Ozieri

Tradizioni sarde di Primo Maggio: il "gioco cerimoniale" ozierese

Un antico rito che vedeva protagoniste giovani fanciulle. Consisteva in una serie di strofe di buon e malaugurio: un lenzuolo, un cestello e degli oggetti da poggiarvi come "pegno"

Tradizioni sarde di Primo Maggio: il

Di: Giammaria Lavena


Un tempo a Ozieri, in questa giornata era tradizione svolgere il cosiddetto “giuoco cerimoniale del primo maggio”. Venne descritto e raccontato per la prima volta nel Ripulimento e nelle Armonie dall’ozierese Matteo Madao, alla fine del Settecento, mentre cinquant’anni più tardi, nel 1839, ne parlò Alberto La Marmora nel suo Voyage, e infine Filippo Valla nel 1895. Madao si limitava a descrivere il gioco come una semplice riunione fra fanciulle sotto una sorta di baldacchino; il La Marmora ne precisò invece il meccanismo.

GIOCO CERIMONIALE. Le giovani, solo o con qualche ragazzo, si raccoglievano in gruppetti davanti alla porta di una casa tenendo sollevato un lenzuolo, al cui centro si poneva un cestino dove ciascuna delle partecipanti riponeva un oggetto personale. A quel punto, dopo una strofetta iniziale, venivano cantate altre strofe alternativamente augurali e ingiuriose, a seguito delle quali si procedeva con l’estrazione degli oggetti riposti nel cesto, così che ad ognuno toccasse in sorte l'augurio o l'ingiuria. 

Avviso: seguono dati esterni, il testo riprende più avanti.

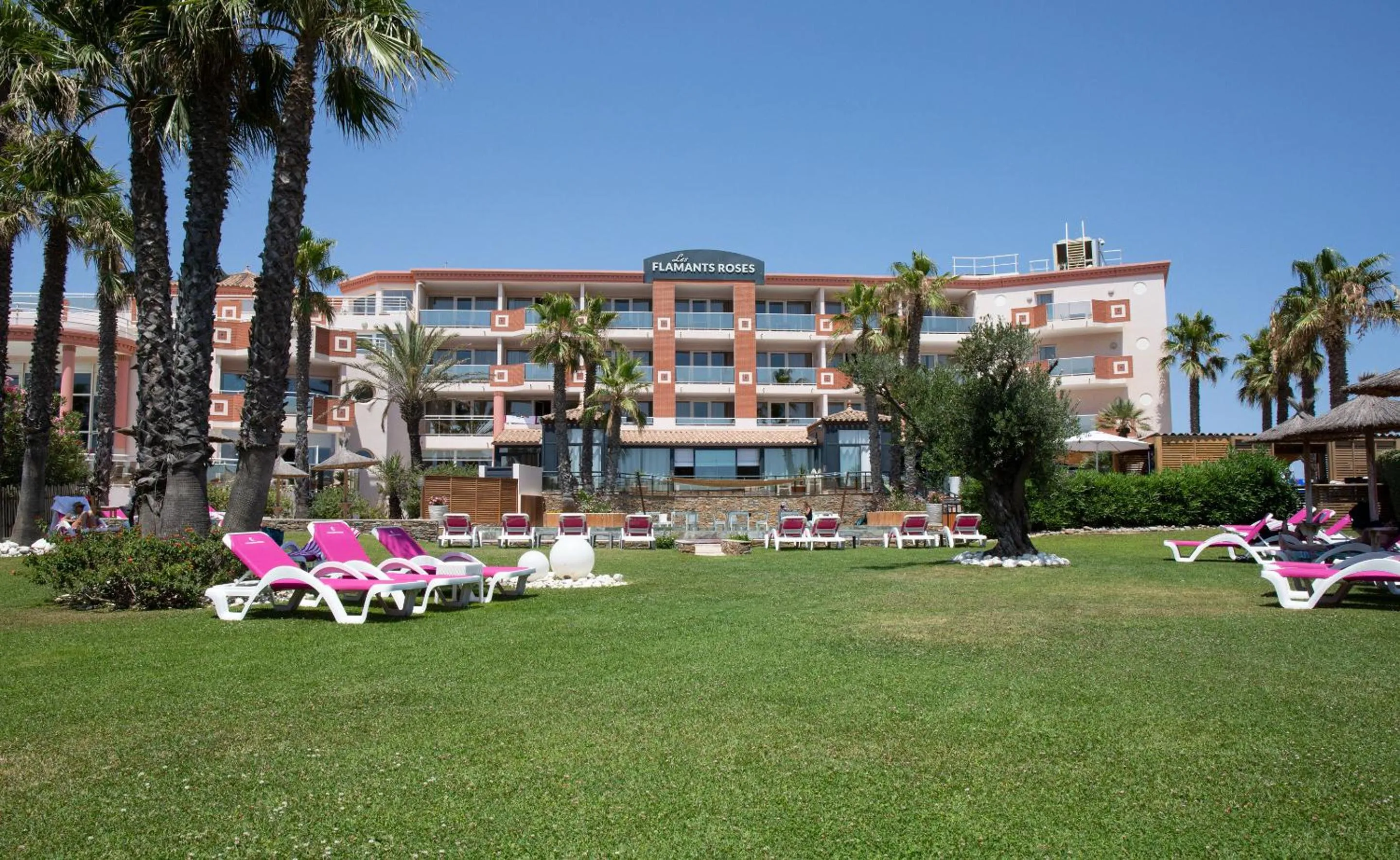 Garden in Grand Hôtel Les Flamants Roses Thalasso & Spa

LE VARIE VERSIONI. La filastrocca recitava, secondo quanto riportato ancora dal Madao, le seguenti parole:

E Maja, e Maja,

et bene veniat Maja,

 Cun s'arma, et cun su fiore, 

et cun totu su soliu amore.

Probabilmente il “maja” segnato dal Madao – fa sapere il sito “Premio Ozieri di Letteratura Sarda” – è una sua alterazione di “maju”, operata per accentuare la connessione dell'uso moderno con l'antichità classica; il “soliu” che compare alla fine è quasi certamente un fraintendimento del sole che si incontra nelle lezioni del La Marmora e del Valla. 
Quella del La Marmora, metricamente meno irregolare, suona:

Maiu, maju, beni venga 

Cun totu su sole e amore, 

Cun s'arma e cun su fiore, 

E cun sa margaritina. 

E, infine, Valla riportava: 

E' mmaju, è mmaju E beniffenga, 

E tattu su sole de amore 

Cu ss'elmo e cu ssu fiore 

E con sa margaritina, 

Unu anzu e dissiplina 

An dadu pro amore.

(MAL)AUGURIO. A quel punto, la fanciulla con più inventiva prende dal cestino il pegno e canta due versi di buono o cattivo augurio. E così via, sino all’esaurimento degli oggetti contenuti nel cestino. Questo antichissimo rito, ormai sparito da circa mezzo secolo, si riallaccia alle tradizioni di “Cantare il maggio”, diffuse in gran parte del continente. La particolarità del gioco ozierese sta nell’assegnare a turno, ciclicamente, buon augurio e malaugurio. Alla fine, i partecipanti si dividevano così in due schiere: quelle del “bene” e quelle del “male”.